Thursday, January 17, 2013

Mobile

If I had to choose one word to describe my life over the past several months, it would be "mushy."

I've grown lethargic. Apathetic. Lazy. I've become intellectually mushy. Socially mushy. Physically mushy. And, to be honest, spiritually mushy. And maybe you've found yourself in such a situation at times as well. You don't feel sharp or disciplined. Your life is just feeling a little...blah, and it become increasingly harder to roll yourself out of bed in the morning or off of your couch in the evening.

This last week, I had the chance to join in something that I sorely needed. It's something that I used to do every week, and I now realize that I probably didn't value it near as much as I should have.

While visiting friends in Joplin, Missouri, I attended the chapel service at my alma mater of Ozark Christian College, and there I saw a lot of people who were passionate. As the worship band sang, I heard several hundred students singing. And as the sermon was preached, I saw these same students pull out their Bibles and follow along in the text. There was a sense of excitement in the room. It seemed like people wanted to be there, and they were stoked about what was happening in that place.

I also had a chance to chat with a friend who is soon moving to Japan to work with a church plant in an urban area there, and I was able to sense her passion. She's excited about where God is leading her in her life, and she's excited about what the God is doing in a nation where the gospel is not well-known, and she's passionate about the opportunities that exist for the church there.

Passion is the opposite of the mushiness that has been so prevalent in my own life, and it was re-energizing to be around such passionate people this week. I realized that I need to become passionate about something. I need something to be excited about. Because right now, the thing I look forward to the most each day is going back to bed at night. But I don't think that's the way we were meant to go through life.

So where does passion come from? As I sat in on that chapel service, I realized that it begins with God. He is at the center of it all, and the first step has to be to rekindle an excitement and passion for one's relationship with him.

In his book The Shack, William Paul Young compares God's proper place in a believer's life as the center of a mobile. Everything else revolves around him and only has meaning in their connection with him. I've always liked that imagery. Life finds its greatest meaning and value when God is smack dab in the middle of it. Everything else moves around him. So when one's passion for God is allowed to cool, other healthy passions tend to follow suit, and before you know it you're spending the evening wiping Cheeto crumbs off your chest while watching yet another sitcom rerun on TV.
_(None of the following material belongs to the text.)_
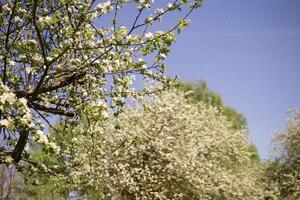 ein Apfel Baum im ein Blühen Park, das Allgemeines plan.blooming Geäst von ein Apfel Baum mit Weiß Blumen, ein Hintergrund von Frühling Natur foto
I wasn't made to be mushy. I believe that God made us to be passionate people--people who are enraptured by him and stoked about living in this world in which he has placed us and which he has entrusted to us. I've written recently that I need something to get excited about. And that's still true. But this grows first and foremost out of a deep, even desperate relationship with God. Everything else branches from that.

Have you ever felt "mushy?" How do you recapture passion in your life when that happens?